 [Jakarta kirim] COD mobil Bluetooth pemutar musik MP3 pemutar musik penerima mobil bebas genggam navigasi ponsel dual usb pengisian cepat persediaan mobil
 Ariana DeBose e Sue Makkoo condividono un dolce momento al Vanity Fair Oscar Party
########
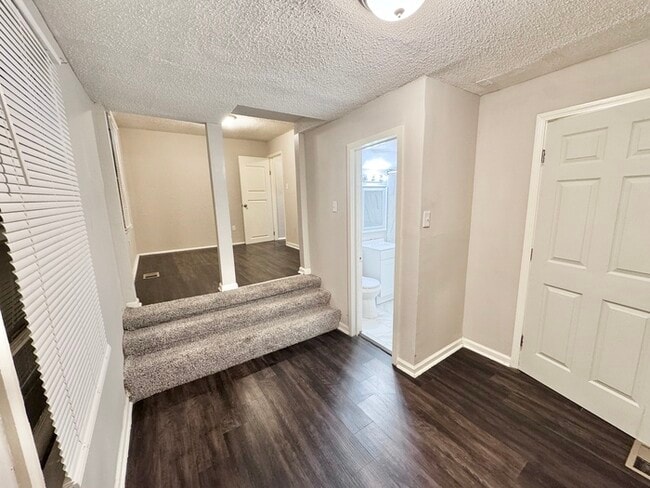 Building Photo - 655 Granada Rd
########
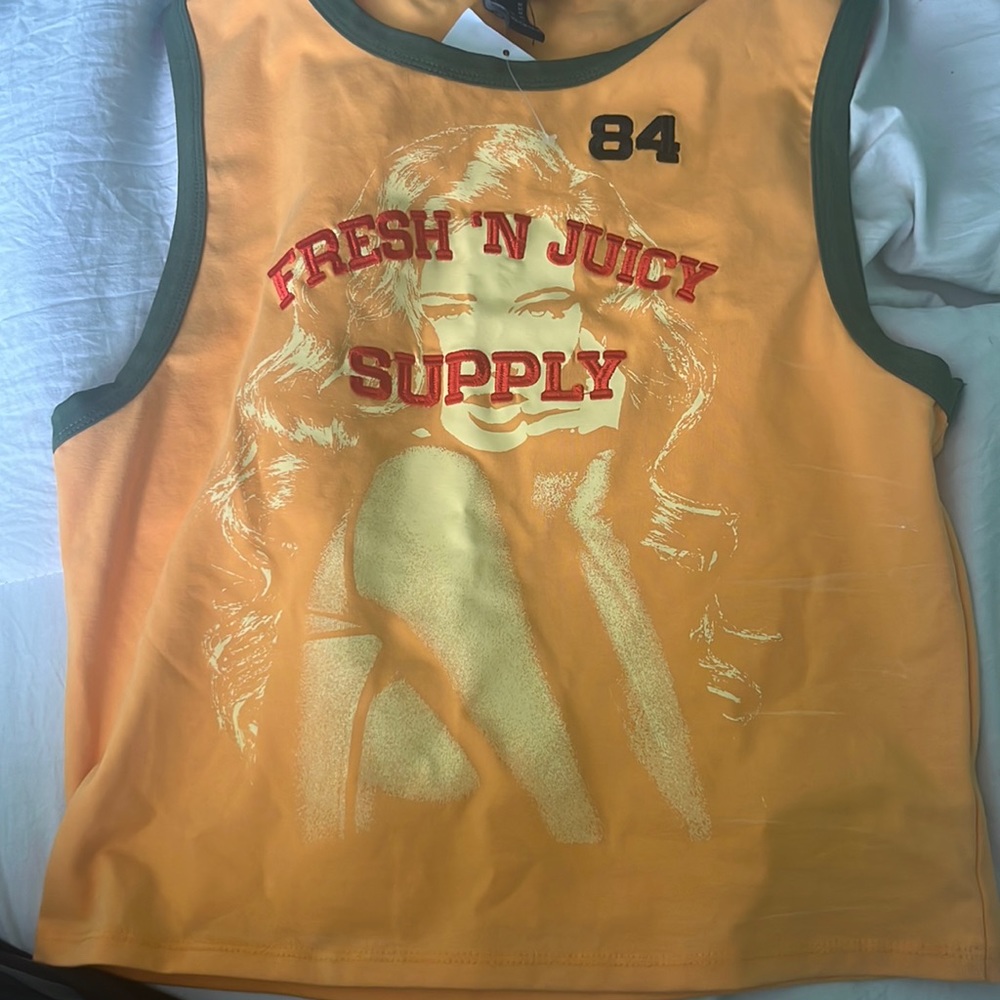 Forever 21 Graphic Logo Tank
########
Look above for the line containing "[Jakarta kirim] COD" and the line containing "Ariana DeBose e". Transcribe both, with the lines between them, exactly.

 [Jakarta kirim] COD mobil Bluetooth pemutar musik MP3 pemutar musik penerima mobil bebas genggam navigasi ponsel dual usb pengisian cepat persediaan mobil
 Ariana DeBose e Sue Makkoo condividono un dolce momento al Vanity Fair Oscar Party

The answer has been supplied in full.